> _What the task asks_
Pictures stay out of the copy, which must hold exactly the lines from the one containing "Canım Annem Kelebek" through the end of the material below.

> _Source material_
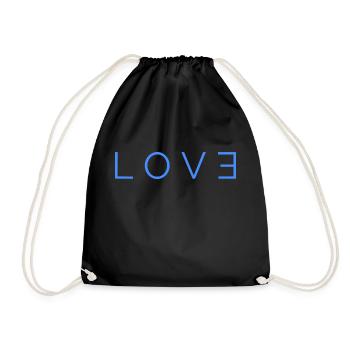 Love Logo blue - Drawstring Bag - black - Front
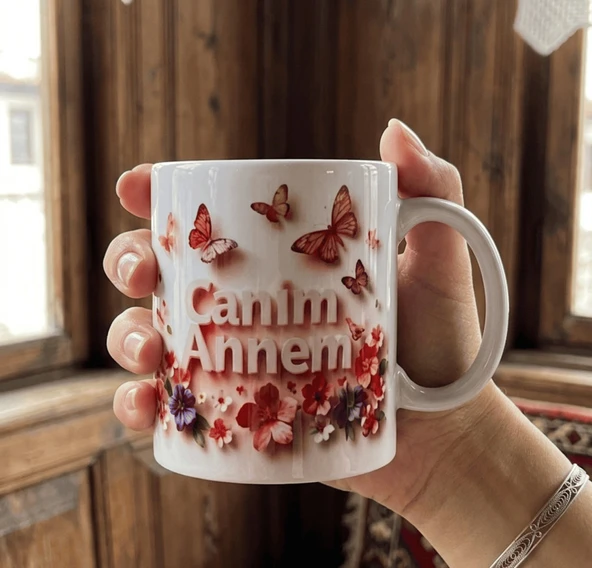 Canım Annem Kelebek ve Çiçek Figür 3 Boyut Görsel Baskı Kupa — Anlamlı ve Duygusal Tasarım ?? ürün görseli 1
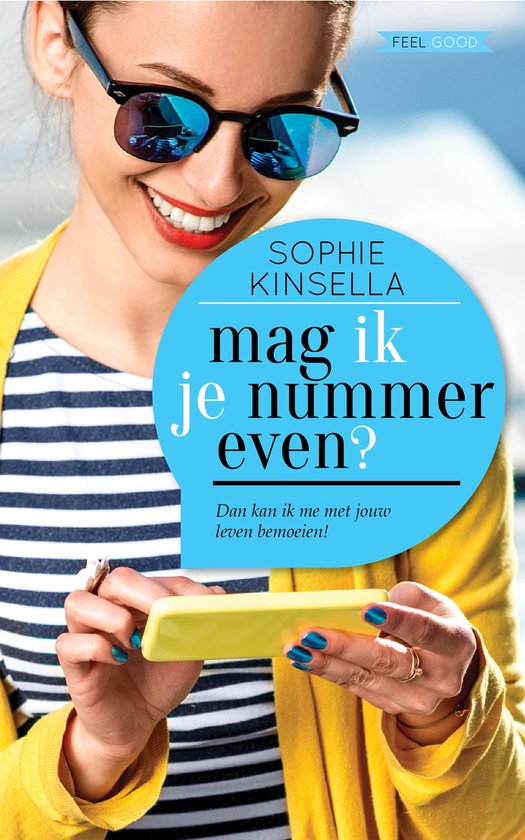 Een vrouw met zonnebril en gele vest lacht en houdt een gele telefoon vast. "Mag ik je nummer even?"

> _Exercise answer_
 Canım Annem Kelebek ve Çiçek Figür 3 Boyut Görsel Baskı Kupa — Anlamlı ve Duygusal Tasarım ?? ürün görseli 1
 Een vrouw met zonnebril en gele vest lacht en houdt een gele telefoon vast. "Mag ik je nummer even?"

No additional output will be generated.